**Work to be completed:**
Print every entry exactly as written.

[Records excerpted from a collection]
--------------------

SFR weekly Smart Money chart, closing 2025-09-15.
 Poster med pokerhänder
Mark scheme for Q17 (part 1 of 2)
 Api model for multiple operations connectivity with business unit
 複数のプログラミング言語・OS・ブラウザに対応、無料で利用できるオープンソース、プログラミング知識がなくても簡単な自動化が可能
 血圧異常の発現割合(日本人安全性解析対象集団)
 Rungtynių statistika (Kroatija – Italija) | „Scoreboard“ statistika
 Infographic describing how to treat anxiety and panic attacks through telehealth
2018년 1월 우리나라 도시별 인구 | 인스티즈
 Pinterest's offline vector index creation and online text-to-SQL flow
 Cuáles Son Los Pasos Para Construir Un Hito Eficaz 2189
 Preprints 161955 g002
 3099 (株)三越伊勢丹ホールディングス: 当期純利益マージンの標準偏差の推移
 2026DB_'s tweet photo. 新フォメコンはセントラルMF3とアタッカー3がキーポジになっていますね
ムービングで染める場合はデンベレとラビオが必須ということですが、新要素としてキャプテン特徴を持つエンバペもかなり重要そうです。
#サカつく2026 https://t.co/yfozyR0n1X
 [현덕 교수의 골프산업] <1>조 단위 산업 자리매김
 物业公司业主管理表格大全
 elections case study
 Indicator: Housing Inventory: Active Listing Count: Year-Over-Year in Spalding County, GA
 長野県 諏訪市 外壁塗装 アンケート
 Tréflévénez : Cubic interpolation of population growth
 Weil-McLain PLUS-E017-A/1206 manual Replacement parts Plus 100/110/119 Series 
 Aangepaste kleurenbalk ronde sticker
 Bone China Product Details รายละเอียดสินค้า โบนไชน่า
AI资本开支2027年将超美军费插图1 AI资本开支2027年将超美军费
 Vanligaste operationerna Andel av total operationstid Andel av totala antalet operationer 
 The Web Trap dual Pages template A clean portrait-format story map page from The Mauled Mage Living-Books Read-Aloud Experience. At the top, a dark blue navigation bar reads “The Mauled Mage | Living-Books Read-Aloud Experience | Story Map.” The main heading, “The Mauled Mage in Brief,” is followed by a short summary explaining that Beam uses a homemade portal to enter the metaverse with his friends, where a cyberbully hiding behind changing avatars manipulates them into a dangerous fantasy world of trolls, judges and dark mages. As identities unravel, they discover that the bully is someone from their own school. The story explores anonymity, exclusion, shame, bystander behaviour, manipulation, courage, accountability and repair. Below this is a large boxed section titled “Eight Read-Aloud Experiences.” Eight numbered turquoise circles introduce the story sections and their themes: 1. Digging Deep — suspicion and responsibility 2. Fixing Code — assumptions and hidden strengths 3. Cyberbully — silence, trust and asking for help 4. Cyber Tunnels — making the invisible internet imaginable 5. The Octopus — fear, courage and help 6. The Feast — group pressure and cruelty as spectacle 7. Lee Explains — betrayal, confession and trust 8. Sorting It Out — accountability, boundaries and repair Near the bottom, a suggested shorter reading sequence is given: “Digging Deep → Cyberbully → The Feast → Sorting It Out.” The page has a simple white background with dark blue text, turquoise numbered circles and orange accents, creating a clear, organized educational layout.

--------------------

**Solution:**
SFR weekly Smart Money chart, closing 2025-09-15.
 Poster med pokerhänder
Mark scheme for Q17 (part 1 of 2)
 Api model for multiple operations connectivity with business unit
 複数のプログラミング言語・OS・ブラウザに対応、無料で利用できるオープンソース、プログラミング知識がなくても簡単な自動化が可能
 血圧異常の発現割合(日本人安全性解析対象集団)
 Rungtynių statistika (Kroatija – Italija) | „Scoreboard“ statistika
 Infographic describing how to treat anxiety and panic attacks through telehealth
2018년 1월 우리나라 도시별 인구 | 인스티즈
 Pinterest's offline vector index creation and online text-to-SQL flow
 Cuáles Son Los Pasos Para Construir Un Hito Eficaz 2189
 Preprints 161955 g002
 3099 (株)三越伊勢丹ホールディングス: 当期純利益マージンの標準偏差の推移
 2026DB_'s tweet photo. 新フォメコンはセントラルMF3とアタッカー3がキーポジになっていますね
ムービングで染める場合はデンベレとラビオが必須ということですが、新要素としてキャプテン特徴を持つエンバペもかなり重要そうです。
#サカつく2026 https://t.co/yfozyR0n1X
 [현덕 교수의 골프산업] <1>조 단위 산업 자리매김
 物业公司业主管理表格大全
 elections case study
 Indicator: Housing Inventory: Active Listing Count: Year-Over-Year in Spalding County, GA
 長野県 諏訪市 外壁塗装 アンケート
 Tréflévénez : Cubic interpolation of population growth
 Weil-McLain PLUS-E017-A/1206 manual Replacement parts Plus 100/110/119 Series 
 Aangepaste kleurenbalk ronde sticker
 Bone China Product Details รายละเอียดสินค้า โบนไชน่า
AI资本开支2027年将超美军费插图1 AI资本开支2027年将超美军费
 Vanligaste operationerna Andel av total operationstid Andel av totala antalet operationer 
 The Web Trap dual Pages template A clean portrait-format story map page from The Mauled Mage Living-Books Read-Aloud Experience. At the top, a dark blue navigation bar reads “The Mauled Mage | Living-Books Read-Aloud Experience | Story Map.” The main heading, “The Mauled Mage in Brief,” is followed by a short summary explaining that Beam uses a homemade portal to enter the metaverse with his friends, where a cyberbully hiding behind changing avatars manipulates them into a dangerous fantasy world of trolls, judges and dark mages. As identities unravel, they discover that the bully is someone from their own school. The story explores anonymity, exclusion, shame, bystander behaviour, manipulation, courage, accountability and repair. Below this is a large boxed section titled “Eight Read-Aloud Experiences.” Eight numbered turquoise circles introduce the story sections and their themes: 1. Digging Deep — suspicion and responsibility 2. Fixing Code — assumptions and hidden strengths 3. Cyberbully — silence, trust and asking for help 4. Cyber Tunnels — making the invisible internet imaginable 5. The Octopus — fear, courage and help 6. The Feast — group pressure and cruelty as spectacle 7. Lee Explains — betrayal, confession and trust 8. Sorting It Out — accountability, boundaries and repair Near the bottom, a suggested shorter reading sequence is given: “Digging Deep → Cyberbully → The Feast → Sorting It Out.” The page has a simple white background with dark blue text, turquoise numbered circles and orange accents, creating a clear, organized educational layout.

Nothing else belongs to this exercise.